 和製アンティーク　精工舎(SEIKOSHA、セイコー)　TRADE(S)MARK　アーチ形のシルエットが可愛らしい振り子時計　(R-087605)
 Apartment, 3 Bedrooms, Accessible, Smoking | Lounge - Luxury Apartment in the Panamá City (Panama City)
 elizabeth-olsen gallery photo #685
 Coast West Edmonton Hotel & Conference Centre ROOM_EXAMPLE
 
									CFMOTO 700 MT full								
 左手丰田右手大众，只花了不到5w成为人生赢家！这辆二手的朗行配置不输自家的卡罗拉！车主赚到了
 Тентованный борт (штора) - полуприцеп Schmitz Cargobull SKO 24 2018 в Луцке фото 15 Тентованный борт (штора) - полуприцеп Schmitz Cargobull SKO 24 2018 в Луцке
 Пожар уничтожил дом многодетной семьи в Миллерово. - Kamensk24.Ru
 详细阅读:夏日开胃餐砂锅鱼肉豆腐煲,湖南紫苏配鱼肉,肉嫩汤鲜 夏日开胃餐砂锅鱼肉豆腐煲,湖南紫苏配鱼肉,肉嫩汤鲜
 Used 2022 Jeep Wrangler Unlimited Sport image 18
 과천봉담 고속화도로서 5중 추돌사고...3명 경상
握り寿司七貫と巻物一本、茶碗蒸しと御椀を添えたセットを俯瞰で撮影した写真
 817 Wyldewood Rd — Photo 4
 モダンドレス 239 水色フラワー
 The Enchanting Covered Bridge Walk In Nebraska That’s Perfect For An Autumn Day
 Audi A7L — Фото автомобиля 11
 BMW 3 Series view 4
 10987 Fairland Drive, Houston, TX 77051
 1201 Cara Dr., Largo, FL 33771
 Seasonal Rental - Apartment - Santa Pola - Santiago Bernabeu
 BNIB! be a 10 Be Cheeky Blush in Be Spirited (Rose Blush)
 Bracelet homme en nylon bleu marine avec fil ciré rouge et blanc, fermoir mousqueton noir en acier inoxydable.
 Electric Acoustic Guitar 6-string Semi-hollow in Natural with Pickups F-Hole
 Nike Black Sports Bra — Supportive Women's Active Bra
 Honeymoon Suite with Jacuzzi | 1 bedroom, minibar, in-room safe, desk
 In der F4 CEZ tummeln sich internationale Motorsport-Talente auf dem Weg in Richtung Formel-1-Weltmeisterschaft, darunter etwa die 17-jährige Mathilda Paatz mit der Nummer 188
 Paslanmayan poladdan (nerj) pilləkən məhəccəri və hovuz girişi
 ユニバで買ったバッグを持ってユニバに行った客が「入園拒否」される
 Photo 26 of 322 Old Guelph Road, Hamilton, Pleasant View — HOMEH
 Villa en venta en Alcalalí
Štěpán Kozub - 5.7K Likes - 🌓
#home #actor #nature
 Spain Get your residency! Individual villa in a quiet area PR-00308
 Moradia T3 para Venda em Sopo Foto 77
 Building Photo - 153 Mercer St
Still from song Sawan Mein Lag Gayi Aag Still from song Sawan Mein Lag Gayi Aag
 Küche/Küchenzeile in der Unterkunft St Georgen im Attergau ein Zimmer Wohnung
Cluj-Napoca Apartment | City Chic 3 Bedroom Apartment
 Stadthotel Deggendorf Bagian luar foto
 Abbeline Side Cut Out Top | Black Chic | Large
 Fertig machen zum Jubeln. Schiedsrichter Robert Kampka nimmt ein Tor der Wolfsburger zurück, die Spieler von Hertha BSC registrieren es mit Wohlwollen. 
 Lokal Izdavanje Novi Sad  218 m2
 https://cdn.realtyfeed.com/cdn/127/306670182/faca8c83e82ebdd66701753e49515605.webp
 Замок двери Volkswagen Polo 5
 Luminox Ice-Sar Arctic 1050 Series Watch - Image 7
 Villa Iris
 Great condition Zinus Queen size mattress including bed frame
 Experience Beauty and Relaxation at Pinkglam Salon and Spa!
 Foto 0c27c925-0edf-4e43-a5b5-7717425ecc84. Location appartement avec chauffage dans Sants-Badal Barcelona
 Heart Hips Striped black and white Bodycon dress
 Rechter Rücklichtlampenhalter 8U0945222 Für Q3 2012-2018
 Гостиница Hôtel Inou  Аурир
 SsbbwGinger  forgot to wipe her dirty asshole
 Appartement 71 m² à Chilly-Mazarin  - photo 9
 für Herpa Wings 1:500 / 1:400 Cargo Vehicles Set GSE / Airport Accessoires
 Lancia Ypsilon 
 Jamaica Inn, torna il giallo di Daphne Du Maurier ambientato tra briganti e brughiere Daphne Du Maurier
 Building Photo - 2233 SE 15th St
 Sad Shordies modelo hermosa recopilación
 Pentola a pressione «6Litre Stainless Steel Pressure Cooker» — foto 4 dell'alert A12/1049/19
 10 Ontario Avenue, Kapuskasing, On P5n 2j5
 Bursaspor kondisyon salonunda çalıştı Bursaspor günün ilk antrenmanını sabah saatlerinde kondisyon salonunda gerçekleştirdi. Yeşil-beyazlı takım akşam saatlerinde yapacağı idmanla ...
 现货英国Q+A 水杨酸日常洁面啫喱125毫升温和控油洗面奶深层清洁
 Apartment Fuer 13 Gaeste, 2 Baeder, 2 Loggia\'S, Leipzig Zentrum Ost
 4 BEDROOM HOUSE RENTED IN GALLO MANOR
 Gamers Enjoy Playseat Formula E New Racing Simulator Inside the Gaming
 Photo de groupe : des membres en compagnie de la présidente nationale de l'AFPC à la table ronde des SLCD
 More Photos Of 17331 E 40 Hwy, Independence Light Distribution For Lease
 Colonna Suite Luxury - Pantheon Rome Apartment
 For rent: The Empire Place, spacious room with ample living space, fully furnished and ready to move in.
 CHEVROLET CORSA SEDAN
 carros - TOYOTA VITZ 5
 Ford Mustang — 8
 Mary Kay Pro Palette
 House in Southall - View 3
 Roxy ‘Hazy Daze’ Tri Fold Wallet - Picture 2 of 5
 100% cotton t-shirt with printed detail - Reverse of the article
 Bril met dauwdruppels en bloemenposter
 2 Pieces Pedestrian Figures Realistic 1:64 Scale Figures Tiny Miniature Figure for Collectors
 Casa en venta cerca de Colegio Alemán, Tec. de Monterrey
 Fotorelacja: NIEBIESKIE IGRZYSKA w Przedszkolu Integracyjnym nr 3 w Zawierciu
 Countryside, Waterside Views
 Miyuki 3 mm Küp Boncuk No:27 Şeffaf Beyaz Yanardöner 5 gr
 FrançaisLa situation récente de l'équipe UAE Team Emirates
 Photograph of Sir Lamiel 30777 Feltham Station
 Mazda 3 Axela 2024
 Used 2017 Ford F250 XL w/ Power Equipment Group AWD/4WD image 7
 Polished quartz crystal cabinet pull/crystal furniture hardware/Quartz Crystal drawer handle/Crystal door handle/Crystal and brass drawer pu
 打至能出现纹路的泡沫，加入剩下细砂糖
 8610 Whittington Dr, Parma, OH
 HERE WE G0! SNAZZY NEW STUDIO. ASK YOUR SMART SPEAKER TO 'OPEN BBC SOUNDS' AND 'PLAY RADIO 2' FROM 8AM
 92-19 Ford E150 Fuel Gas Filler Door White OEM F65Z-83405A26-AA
================================
# Required action:
Looking at the data above, write out exactly the lines that start at the one containing "Nike Black Sports" and end at the one containing "Building Photo - 153 Mercer St"; include both and nothing beyond.

# Written response:
 Nike Black Sports Bra — Supportive Women's Active Bra
 Honeymoon Suite with Jacuzzi | 1 bedroom, minibar, in-room safe, desk
 In der F4 CEZ tummeln sich internationale Motorsport-Talente auf dem Weg in Richtung Formel-1-Weltmeisterschaft, darunter etwa die 17-jährige Mathilda Paatz mit der Nummer 188
 Paslanmayan poladdan (nerj) pilləkən məhəccəri və hovuz girişi
 ユニバで買ったバッグを持ってユニバに行った客が「入園拒否」される
 Photo 26 of 322 Old Guelph Road, Hamilton, Pleasant View — HOMEH
 Villa en venta en Alcalalí
Štěpán Kozub - 5.7K Likes - 🌓
#home #actor #nature
 Spain Get your residency! Individual villa in a quiet area PR-00308
 Moradia T3 para Venda em Sopo Foto 77
 Building Photo - 153 Mercer St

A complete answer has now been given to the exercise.